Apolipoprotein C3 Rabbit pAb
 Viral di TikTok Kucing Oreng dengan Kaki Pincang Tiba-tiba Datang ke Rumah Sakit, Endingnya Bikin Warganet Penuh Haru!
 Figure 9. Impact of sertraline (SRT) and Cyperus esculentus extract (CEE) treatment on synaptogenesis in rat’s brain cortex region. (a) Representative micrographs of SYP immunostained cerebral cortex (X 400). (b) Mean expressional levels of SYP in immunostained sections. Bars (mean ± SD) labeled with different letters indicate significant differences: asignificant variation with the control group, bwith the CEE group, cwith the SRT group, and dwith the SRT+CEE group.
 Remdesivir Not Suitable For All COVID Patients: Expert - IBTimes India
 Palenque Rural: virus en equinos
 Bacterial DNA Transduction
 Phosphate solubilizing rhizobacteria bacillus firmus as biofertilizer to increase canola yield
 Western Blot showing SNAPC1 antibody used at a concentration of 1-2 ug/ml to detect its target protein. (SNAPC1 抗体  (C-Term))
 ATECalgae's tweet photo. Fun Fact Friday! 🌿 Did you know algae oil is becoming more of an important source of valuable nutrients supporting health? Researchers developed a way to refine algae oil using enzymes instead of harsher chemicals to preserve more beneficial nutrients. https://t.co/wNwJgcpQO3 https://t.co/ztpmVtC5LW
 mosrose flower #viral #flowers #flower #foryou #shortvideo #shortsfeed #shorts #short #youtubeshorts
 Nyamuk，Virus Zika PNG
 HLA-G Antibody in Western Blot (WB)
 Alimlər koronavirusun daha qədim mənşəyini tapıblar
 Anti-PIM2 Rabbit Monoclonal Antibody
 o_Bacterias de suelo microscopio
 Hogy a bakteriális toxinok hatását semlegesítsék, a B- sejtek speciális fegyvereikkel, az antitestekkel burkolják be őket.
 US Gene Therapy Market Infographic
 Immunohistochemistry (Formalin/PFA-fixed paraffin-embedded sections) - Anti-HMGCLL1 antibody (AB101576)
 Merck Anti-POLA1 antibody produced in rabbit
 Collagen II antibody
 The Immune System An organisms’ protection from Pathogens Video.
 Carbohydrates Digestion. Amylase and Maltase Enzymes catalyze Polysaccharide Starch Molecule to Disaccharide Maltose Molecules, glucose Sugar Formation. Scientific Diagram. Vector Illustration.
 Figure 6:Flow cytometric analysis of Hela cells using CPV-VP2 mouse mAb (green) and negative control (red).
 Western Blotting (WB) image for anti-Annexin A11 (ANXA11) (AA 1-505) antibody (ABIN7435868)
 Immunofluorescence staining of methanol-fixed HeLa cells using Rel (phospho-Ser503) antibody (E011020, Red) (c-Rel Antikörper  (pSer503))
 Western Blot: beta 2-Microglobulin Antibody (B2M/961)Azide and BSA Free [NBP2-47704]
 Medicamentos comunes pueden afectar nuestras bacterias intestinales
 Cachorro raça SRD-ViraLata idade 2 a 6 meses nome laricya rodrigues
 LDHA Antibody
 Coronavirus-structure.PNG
-*-
Task details →
Your job is to copy all the records exactly.

Reply to the exercise →
Apolipoprotein C3 Rabbit pAb
 Viral di TikTok Kucing Oreng dengan Kaki Pincang Tiba-tiba Datang ke Rumah Sakit, Endingnya Bikin Warganet Penuh Haru!
 Figure 9. Impact of sertraline (SRT) and Cyperus esculentus extract (CEE) treatment on synaptogenesis in rat’s brain cortex region. (a) Representative micrographs of SYP immunostained cerebral cortex (X 400). (b) Mean expressional levels of SYP in immunostained sections. Bars (mean ± SD) labeled with different letters indicate significant differences: asignificant variation with the control group, bwith the CEE group, cwith the SRT group, and dwith the SRT+CEE group.
 Remdesivir Not Suitable For All COVID Patients: Expert - IBTimes India
 Palenque Rural: virus en equinos
 Bacterial DNA Transduction
 Phosphate solubilizing rhizobacteria bacillus firmus as biofertilizer to increase canola yield
 Western Blot showing SNAPC1 antibody used at a concentration of 1-2 ug/ml to detect its target protein. (SNAPC1 抗体  (C-Term))
 ATECalgae's tweet photo. Fun Fact Friday! 🌿 Did you know algae oil is becoming more of an important source of valuable nutrients supporting health? Researchers developed a way to refine algae oil using enzymes instead of harsher chemicals to preserve more beneficial nutrients. https://t.co/wNwJgcpQO3 https://t.co/ztpmVtC5LW
 mosrose flower #viral #flowers #flower #foryou #shortvideo #shortsfeed #shorts #short #youtubeshorts
 Nyamuk，Virus Zika PNG
 HLA-G Antibody in Western Blot (WB)
 Alimlər koronavirusun daha qədim mənşəyini tapıblar
 Anti-PIM2 Rabbit Monoclonal Antibody
 o_Bacterias de suelo microscopio
 Hogy a bakteriális toxinok hatását semlegesítsék, a B- sejtek speciális fegyvereikkel, az antitestekkel burkolják be őket.
 US Gene Therapy Market Infographic
 Immunohistochemistry (Formalin/PFA-fixed paraffin-embedded sections) - Anti-HMGCLL1 antibody (AB101576)
 Merck Anti-POLA1 antibody produced in rabbit
 Collagen II antibody
 The Immune System An organisms’ protection from Pathogens Video.
 Carbohydrates Digestion. Amylase and Maltase Enzymes catalyze Polysaccharide Starch Molecule to Disaccharide Maltose Molecules, glucose Sugar Formation. Scientific Diagram. Vector Illustration.
 Figure 6:Flow cytometric analysis of Hela cells using CPV-VP2 mouse mAb (green) and negative control (red).
 Western Blotting (WB) image for anti-Annexin A11 (ANXA11) (AA 1-505) antibody (ABIN7435868)
 Immunofluorescence staining of methanol-fixed HeLa cells using Rel (phospho-Ser503) antibody (E011020, Red) (c-Rel Antikörper  (pSer503))
 Western Blot: beta 2-Microglobulin Antibody (B2M/961)Azide and BSA Free [NBP2-47704]
 Medicamentos comunes pueden afectar nuestras bacterias intestinales
 Cachorro raça SRD-ViraLata idade 2 a 6 meses nome laricya rodrigues
 LDHA Antibody
 Coronavirus-structure.PNG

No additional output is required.